There are notable differences between men and women in their susceptibility to many human diseases, including cardiovascular disease. For example, women typically have smaller hearts that pump faster, while men have larger hearts that pump more blood with each heartbeat.
In light of a 2016 report by the National Heart, Lung, and Blood Institute (NHLBI) Working Group on Sex Differences Research in Cardiovascular Disease, researchers have been making massive efforts to understand what, in the underlying biology, predisposes people to sex-specific cardiovascular disease.
Researchers in the laboratories of Frank L. Conlon, PhD, professor of biology and genetics, and Bill Marzluff, PhD, Kenan Distinguished Professor of Biochemistry and Biophysics, have recently made a large stride in the field, uncovering one of the molecular reasons behind sex disparities in heart disease.
In a new study led by graduate student Ike Emerson in the Conlon lab, researchers discovered that a microRNA called miR-871-one of the smallest RNAs found in cells-plays a significant role in the physiological and pathological differences observed between men's and women's hearts. Their findings were published in the most recent issue of Circulation Research.
"The findings demonstrate that miRNAs on the X chromosome can directly control male-female differences in the heart," said Conlon, who is affiliated with the UNC McAllister Heart Institute. "The findings also show that male-female differences in biology can be established after a gene is turned on."
MicroRNAs and Heart Disease
Frank Conlon, PhD
MicroRNAs are small, single-stranded nucleic acids that play a crucial role in regulating gene expression, effectively turning genes down to fine-tune protein production in the body. Although these tasks may seem minor, they significantly influence most bodily functions, from the cellular development of organs to the rhythmic beating of our hearts.
Conlon has dedicated years to researching the early stages of heart development and the differences in heart disease between the sexes. In 2021, Conlon published a paper in Developmental Cell, showing that genes on the X and Y chromosomes act to regulate heart proteins. However, the molecular mechanisms underlying these disparities remain poorly understood.
To fill this gap, Conlon's lab collaborated with Marzluff, an expert in gene regulation by RNAs in animal cells, to catalog all the changes in microRNAs between male and female hearts.
Out of four microRNAs located on the X chromosome, the researchers homed in on miR-871. This microRNA reduces the amount of sarcalumenin or SRL, a protein, produced in the heart. SRL helps the heart cells recharge and reset after each muscle contraction and keeps the heart "in rhythm." MiR-888, the human equivalent of miR-871, similarly regulates SRL levels in the human heart.
Researchers confirmed their findings by manipulating the levels of miR-871. They used genetic techniques to inhibit the production of miR-871 in female mice. This intervention increased SRL levels and improved the heart's ability to recharge between beats. Consequently, the hearts of the female mice began to resemble the beating pattern and functionality of male hearts.

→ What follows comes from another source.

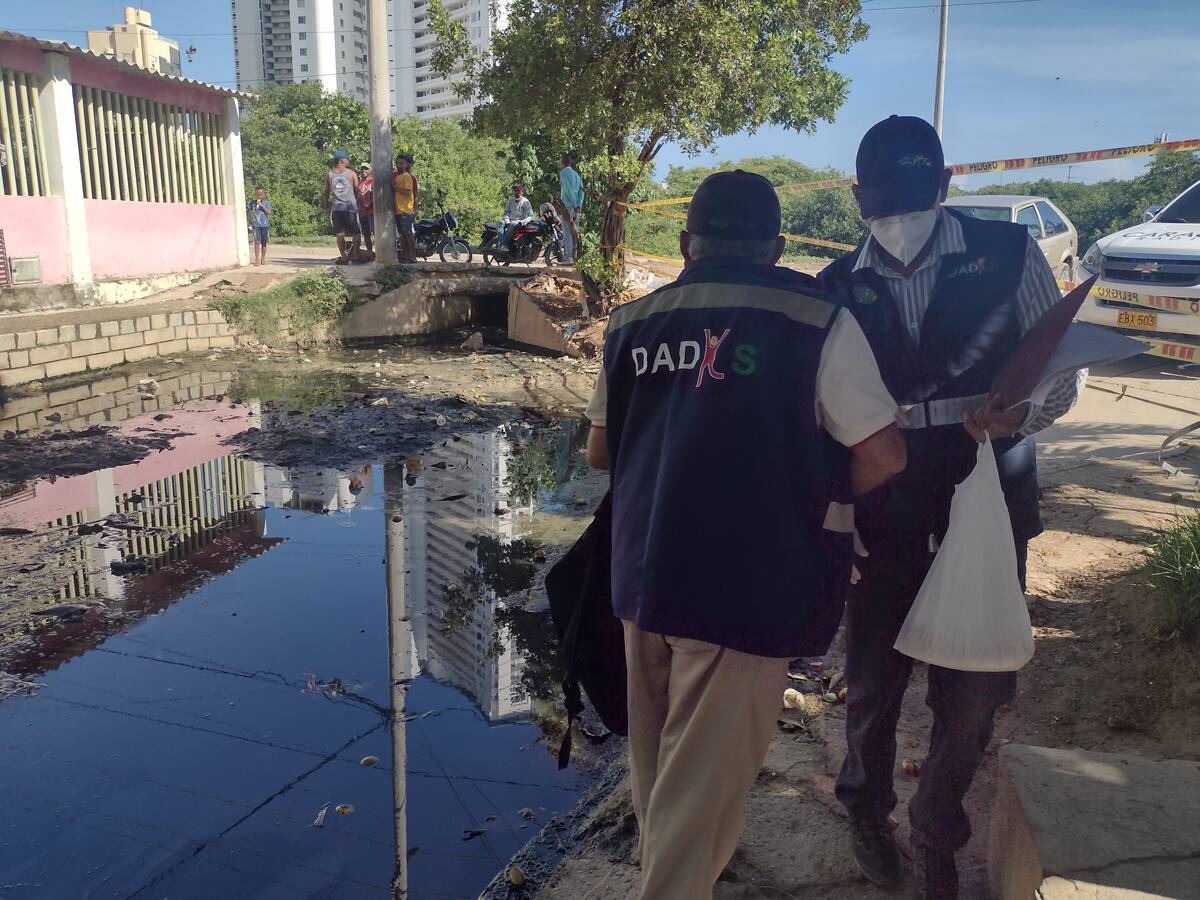Cartagena reúne a expertos internacionales en dengue: cifras de Colombia serían superiores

Connections to Recent Nobel Prize
William Marzluff, PhD
Researchers may use this information to develop therapies that modify human microRNA levels to treat heart diseases. MicroRNA-based therapies are already being explored for other conditions.
Marzluff states that their recent findings are especially relevant, given that two researchers, Victor Ambros, and Gary Ruvkun, were awarded the 2024 Nobel Prize in Physiology for their discovery of microRNA function and development in nematodes for their work in the 1990s.
"It is striking that in both mice and humans, the same miRNA binds in two places on the SRL mRNA,", said Marzluff, co-director of the UNC RNA Discovery Center. "This miRNA reduces the ability, but does not totally prevent, the SRL mRNA from synthesizing protein, which is similar to what was found in the initial papers by Ambros and Ruvkun."
Further Research and Potential Treatments
Researchers seek to investigate further the roles of miR-871, miR-888, and other miRNAs in cardiac aging to identify potential therapeutic targets or biomarkers for age-related cardiac diseases. This research could ultimately lead to more personalized treatment strategies that consider sex differences in cardiac health and aging.
The Conlon lab will continue to examine other miRNAs that vary between male and female hearts, focusing on how the affected proteins contribute to physiological differences between the sexes. They are also working to understand why the female heart produces more miRNAs than the male heart.